Maybe they were wrong because they were overlooking some important evidence. Maybe they were wrong because they were misinterpreting some of the evidence they had noticed. Maybe they were wrong simply because they were reasoning carelessly from the total body of their evidence. But whatever the reason, they turned out to be wrong an many people who trusted their authority ended up losing lots of money, losing lots of other people’s money, on account of that misplaced trust.

So while appealing to authority can sometimes provide us with valuable knowledge, it also can sometimes be the cause of monumental errors. It’s important to all of us to be able to distinguish those occasions on which we can safely and reasonably trust authority from those occasions on which we can’t.

But how do we do that?

In order to do that, nothing is more useful than an authority’s track record on a particular topic. If someone turns out to perform well in a given situation much of the time, then it’s likely that he or she will continue to perform well in that same situation, at least in the near term. And this generalizations holds true of the testimony of authorities as much as of anything else.

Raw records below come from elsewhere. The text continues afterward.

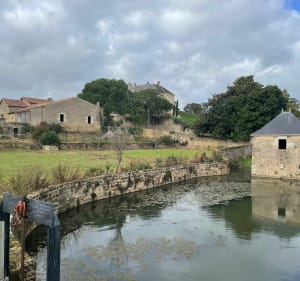 Autour de L’Hermenault par les Chaumes - L'Hermenault - 5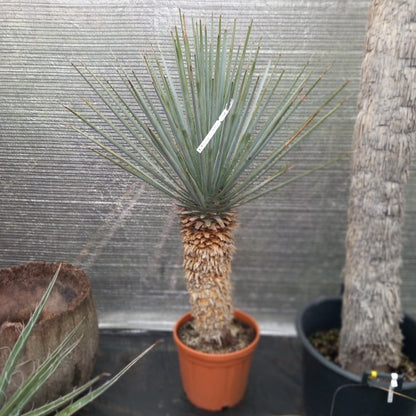 Yucca rigida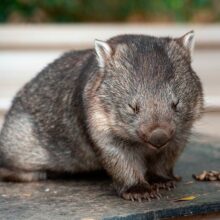 8 curiosidades de los wombats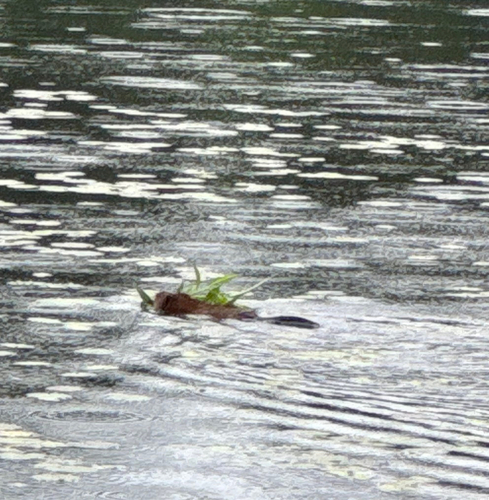 Muskrat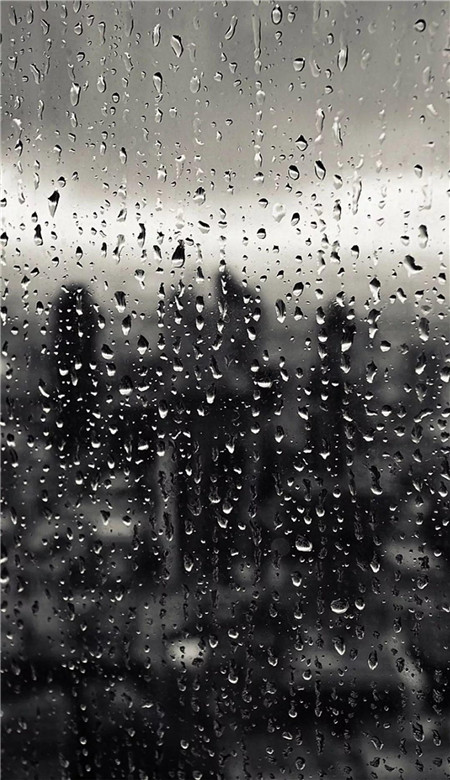 雨滴手机壁纸高清  好看的雨滴图片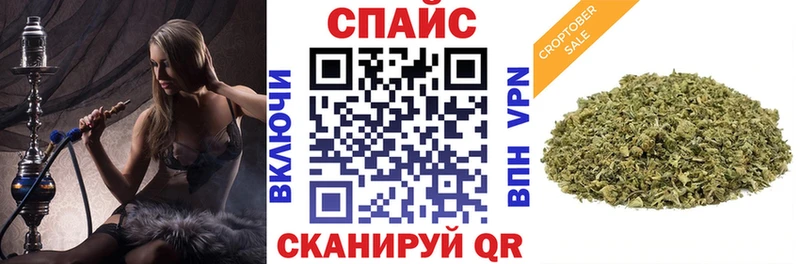 где купить наркоту  Петровск  БУТИРАТ 1.4BDO 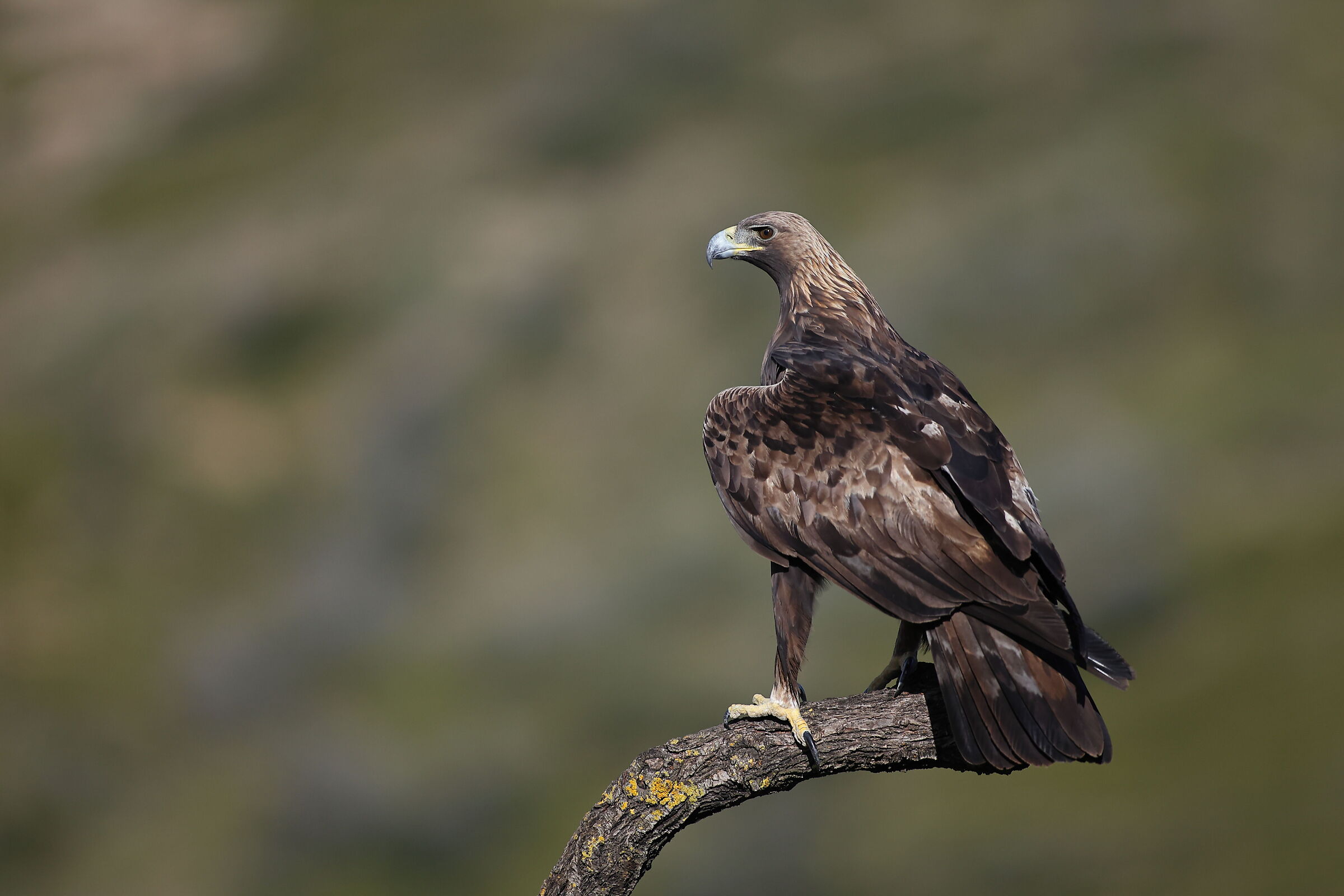 Aquila Reale maschio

If someone can consistently pick winners in both politics and football, then we should probably trust him or her to keep on picking winners in both politics or football, though maybe not in other things where their track record maybe less stellar. If other forecasters have a poorer track record on those same two topics, then we shouldn’t trust them as much.

So whenever you’re considering whether or trust the testimony of some authority, the first question to ask yourself is, “What’s their track record on this topic?” And notice that you can apply the very same lesson to yourself. Your instincts tell you that you’ve just met the right person, but what sort of yrack record do your instincts have on topics like this one? Have your instincts proven themselves to be worthy of your support? Just as we judge other people’s testimony by their track record, so, too, we can judge our own instincts by their track record.

And this brings us one step closer to an objective view of ourselves and our relation to the world around us.